Directory tree metadata parser using Apache Tika
tikatree parses all files in a directory and creates a:
- _metadata.json - A single file with the metdata from each file that was parsed
- _file_tree.json and _file_tree.csv - A list of all files and directories with some basic information. One file that's easy to read and another for importing into excel and things like that
- _directory_tree.txt - A graphical representation of the directory
- .sfv - A CRC32 checksum
pip install tikatree
tikatree uses tika-python for interacting with Apache Tika. You may need to refer to the tika-python documentation if you have any issues with Tika.
Open up a command line and type tikatree <directory>
, by default it'll create all files at or above that directory. You can target multiple directories, just put a space in between each one on the command line.
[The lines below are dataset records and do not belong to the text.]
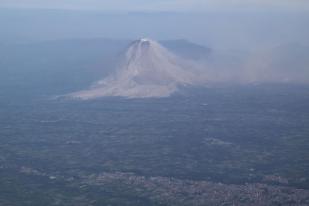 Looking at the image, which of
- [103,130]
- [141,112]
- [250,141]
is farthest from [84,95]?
[250,141]

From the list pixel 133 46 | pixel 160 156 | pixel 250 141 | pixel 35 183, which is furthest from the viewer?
pixel 133 46

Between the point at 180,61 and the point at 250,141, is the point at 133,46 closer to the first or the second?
the point at 180,61

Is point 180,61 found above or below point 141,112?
above

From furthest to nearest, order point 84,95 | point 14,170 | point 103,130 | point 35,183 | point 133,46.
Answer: point 133,46 → point 84,95 → point 103,130 → point 14,170 → point 35,183

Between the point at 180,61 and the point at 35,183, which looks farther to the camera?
the point at 180,61

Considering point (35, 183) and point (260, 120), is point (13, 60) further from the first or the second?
point (35, 183)

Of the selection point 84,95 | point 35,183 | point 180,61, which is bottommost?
point 35,183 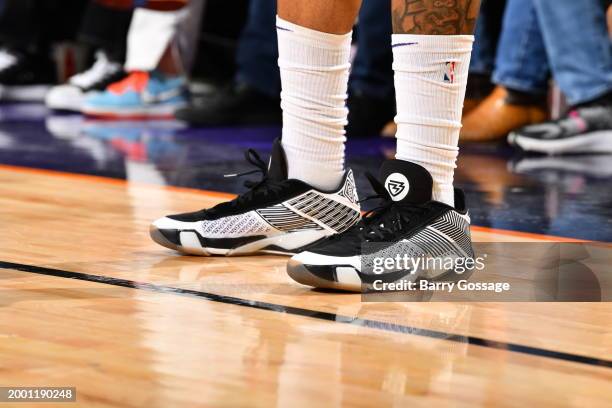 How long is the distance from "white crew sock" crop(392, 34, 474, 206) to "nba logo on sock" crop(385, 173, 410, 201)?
0.02m

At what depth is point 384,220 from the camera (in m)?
1.29

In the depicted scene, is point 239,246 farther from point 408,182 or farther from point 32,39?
point 32,39

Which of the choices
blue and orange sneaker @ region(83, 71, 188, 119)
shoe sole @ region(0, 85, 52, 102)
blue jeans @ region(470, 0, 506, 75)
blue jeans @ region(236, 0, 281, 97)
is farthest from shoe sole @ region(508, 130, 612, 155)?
shoe sole @ region(0, 85, 52, 102)

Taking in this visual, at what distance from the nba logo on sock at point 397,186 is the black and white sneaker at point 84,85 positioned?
244 centimetres

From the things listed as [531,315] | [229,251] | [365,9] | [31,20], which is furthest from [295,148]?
[31,20]

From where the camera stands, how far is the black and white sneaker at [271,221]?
4.66 feet

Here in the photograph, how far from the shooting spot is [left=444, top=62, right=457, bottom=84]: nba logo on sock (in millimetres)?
1289

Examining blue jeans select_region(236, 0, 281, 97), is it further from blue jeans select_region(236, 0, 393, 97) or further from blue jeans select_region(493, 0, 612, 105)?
blue jeans select_region(493, 0, 612, 105)

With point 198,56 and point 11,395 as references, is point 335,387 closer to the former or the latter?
point 11,395

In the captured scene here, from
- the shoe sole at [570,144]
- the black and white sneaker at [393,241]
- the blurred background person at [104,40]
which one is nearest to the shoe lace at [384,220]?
the black and white sneaker at [393,241]

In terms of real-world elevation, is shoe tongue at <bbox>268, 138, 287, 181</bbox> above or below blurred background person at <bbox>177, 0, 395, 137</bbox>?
above

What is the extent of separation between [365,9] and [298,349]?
222 centimetres

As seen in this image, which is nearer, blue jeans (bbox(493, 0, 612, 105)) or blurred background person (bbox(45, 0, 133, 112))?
blue jeans (bbox(493, 0, 612, 105))

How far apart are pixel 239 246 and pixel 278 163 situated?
116 millimetres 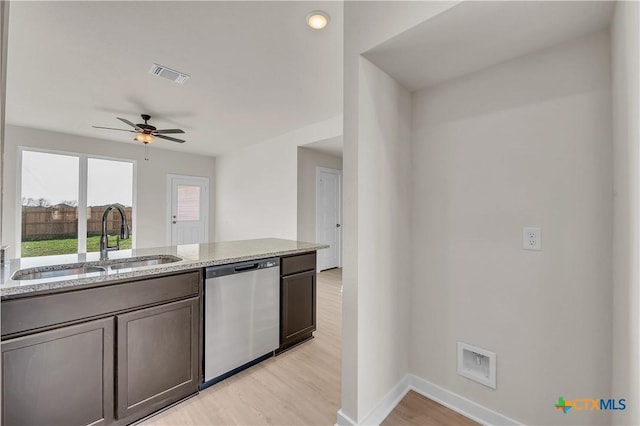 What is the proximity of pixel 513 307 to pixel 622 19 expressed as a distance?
4.49ft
usage: tikatree [-h] [-v] [-d] [-e EXCLUDE [EXCLUDE ...]] [-f] [-m] [-nm] [-s] [-y] DIRECTORY [DIRECTORY ...]
A directory tree metadata parser using Apache Tika, by default it runs arguments: -d, -f, -m, -s
positional arguments:
DIRECTORY directory(s) to parse
optional arguments:
-h, --help show this help message and exit
-v, --version show program's version number and exit
-d, --directorytree create directory tree
-e EXCLUDE [EXCLUDE ...], --exclude EXCLUDE [EXCLUDE ...]
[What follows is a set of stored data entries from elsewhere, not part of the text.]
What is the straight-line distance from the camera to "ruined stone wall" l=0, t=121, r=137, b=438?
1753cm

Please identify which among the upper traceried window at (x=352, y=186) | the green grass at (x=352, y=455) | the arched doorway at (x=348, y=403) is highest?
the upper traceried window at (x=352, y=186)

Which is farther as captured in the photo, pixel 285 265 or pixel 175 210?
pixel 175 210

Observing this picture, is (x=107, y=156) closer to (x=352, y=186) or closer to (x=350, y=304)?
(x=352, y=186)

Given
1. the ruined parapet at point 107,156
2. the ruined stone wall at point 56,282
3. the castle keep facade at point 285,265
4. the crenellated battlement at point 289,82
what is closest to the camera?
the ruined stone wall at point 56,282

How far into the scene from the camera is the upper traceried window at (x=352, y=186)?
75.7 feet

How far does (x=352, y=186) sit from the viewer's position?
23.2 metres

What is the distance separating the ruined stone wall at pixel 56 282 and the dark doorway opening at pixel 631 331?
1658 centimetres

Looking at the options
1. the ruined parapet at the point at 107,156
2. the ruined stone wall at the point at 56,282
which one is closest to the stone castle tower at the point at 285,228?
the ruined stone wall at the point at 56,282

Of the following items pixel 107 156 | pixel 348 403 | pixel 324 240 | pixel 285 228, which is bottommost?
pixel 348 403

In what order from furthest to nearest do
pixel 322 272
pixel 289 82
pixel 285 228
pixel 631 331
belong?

directory(s) to exclude, includes subdirectories
-f, --filetree creates a json and csv file tree
-m, --metadata parse metadata
-nm, --newmetadata create individual metadata files in a 'tikatree' directory
-s, --sfv create sfv file
-y, --yes automatically overwrite older files
I've included some output examples in the output_examples
folder.
When parsing files too fast there can be connection errors to Apache Tika. In order to get around this run these commands in Powershell as Admin
$KeyPath = "HKLM:\SYSTEM\CurrentControlSet\Services\Tcpip\Parameters"
Set-ItemProperty -Path $KeyPath -Name "MaxUserPort" -Value 65534
$KeyPath = "HKLM:\SYSTEM\CurrentControlSet\Services\Tcpip\Parameters"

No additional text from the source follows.